I've been reading about the famous X25519, a montgomery curve from wikipedia and in that article they say that we do not have to check for point validity. Is it because that any $x < p$ satisfy the curve equation ? Is this possible for X25519 because it is a Montgomery curve or because it was specifically designed to do so (for the sake of efficiency, and more possibilities for public keys) by its discoverer Dan Bernstein ? Why every $x < p $ does not satisfy the curve equation for other curves like SECP256k1, where the equations are of the Weierstrass form, $y^2 = x^3 + ax + b \mod p $ ? I would really like to know the mathematical reasons behind it. Thankyou everyone in advance!

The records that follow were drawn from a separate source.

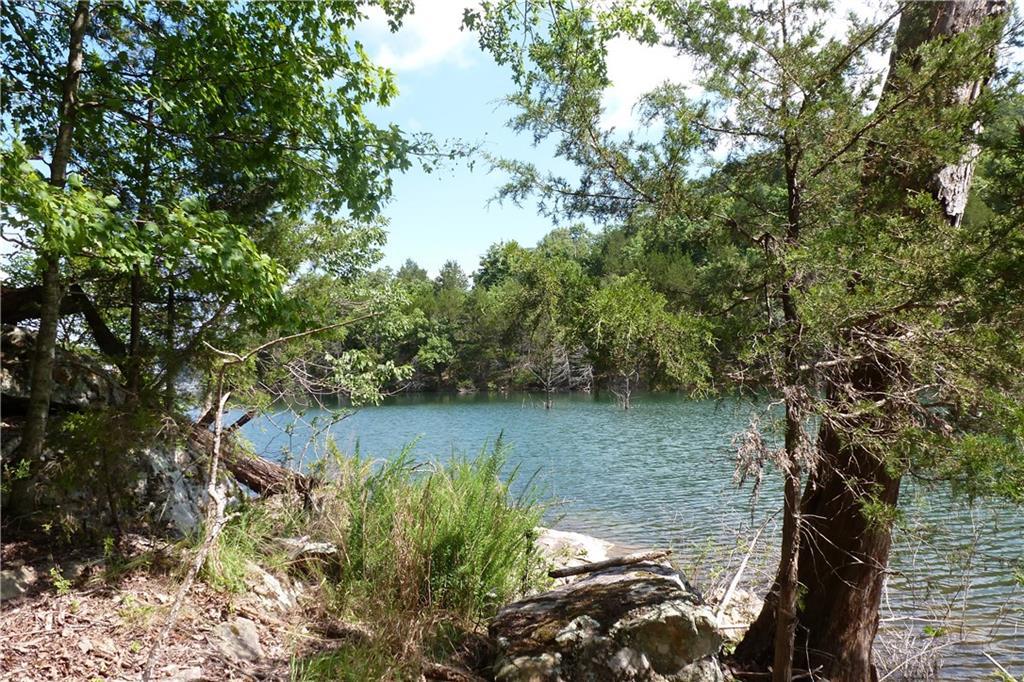 County Road 1526 - Photo 1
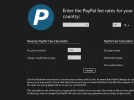 PPCalcBug.webp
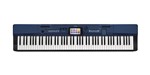 Ficha técnica e caractérísticas do produto Casio Piano Px-560 7/8 Privia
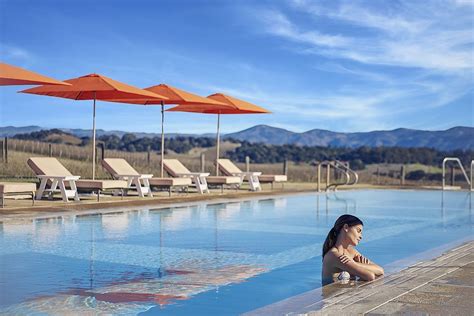 carneros resort  spa hotel meeting space event facilities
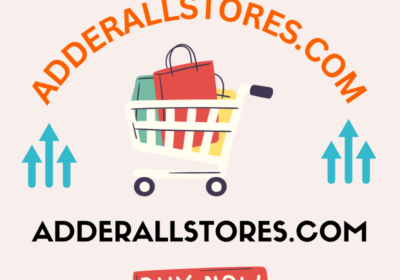 AdderallStore-Online-Meds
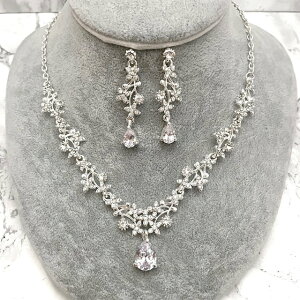 jouer silverrW[uC_lbNX&sAXZbg y ANZT[Zbgz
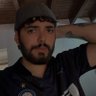 Matias Falcon's profile picture
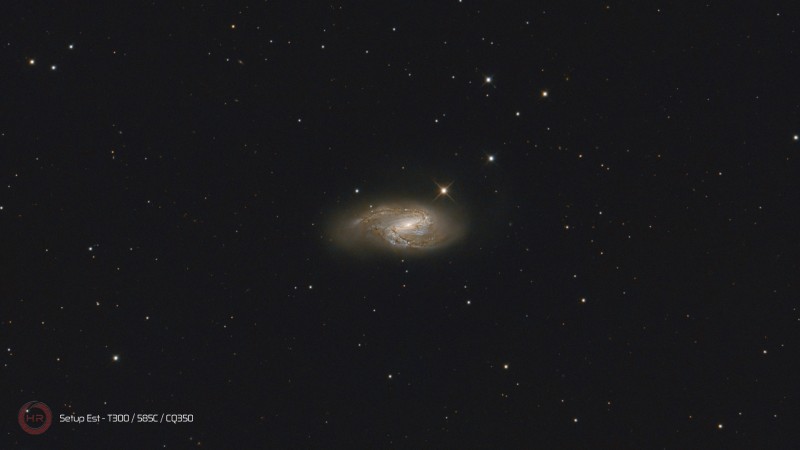 M66 Leo SE 20x60s G180 soft copie.jpg
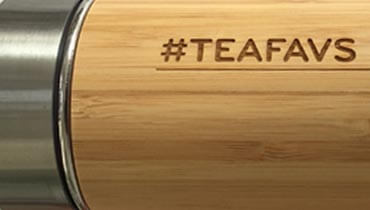 Nachhaltigkeit bei amapodo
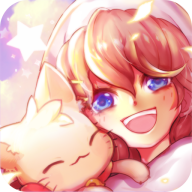 回忆喵果园正式版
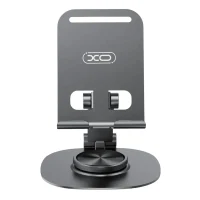 Smartphone Stand XO C151, Black 4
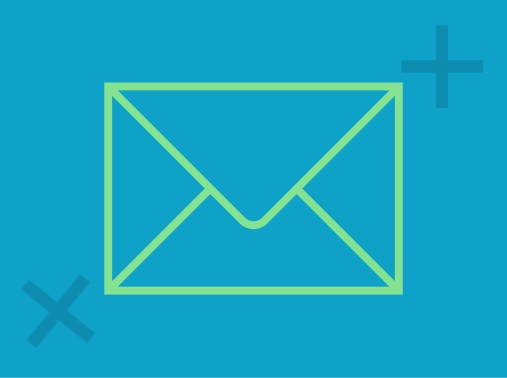 /championnat/resultats-invitations-certificats-et-prix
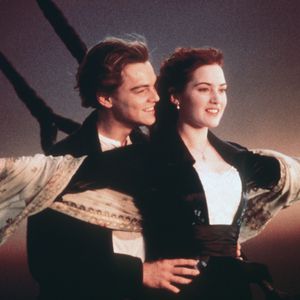 Kate Winslet sieht sich nicht als Star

If you have an elliptic curve given by the equation $y^2 = f(x) \bmod p$, then for each $x$, either $f(x)$ is a square modulo $p$, and there exists a square root $y$ such that $(x,y)$ and $(x,-y)$ satisfy the curve equation. If $f(x)$ is not a square modulo $p$, then this value $x$ does not correspond to a point on the curve, but to a point on the quadratic twist of the curve.
Therefore knowing only $x$, we know it corresponds to a point on the curve or its quadratic twist. The thing is that many standardized curves have a weak quadratic twist (see this page on SafeCurves so it is mandatory to check the point is on the curve, and if we use only the $x$-coordinate, we still need to check it is not on the quadratic twist to avoid invalid curve attacks.
Dan Bernstein designed X25519 as a Diffie-Hellman function using Curve25519 in its Montgomery form. On this curve, the Montgomery ladder scalar multiplication is efficient and uses only the $x$-coordinate of the points. Then, manipulated points lie on the curve or its quadratic twist which is as secure as the original curve. Then any $x$ is valid, but does not necessarily correspond to a point on the curve.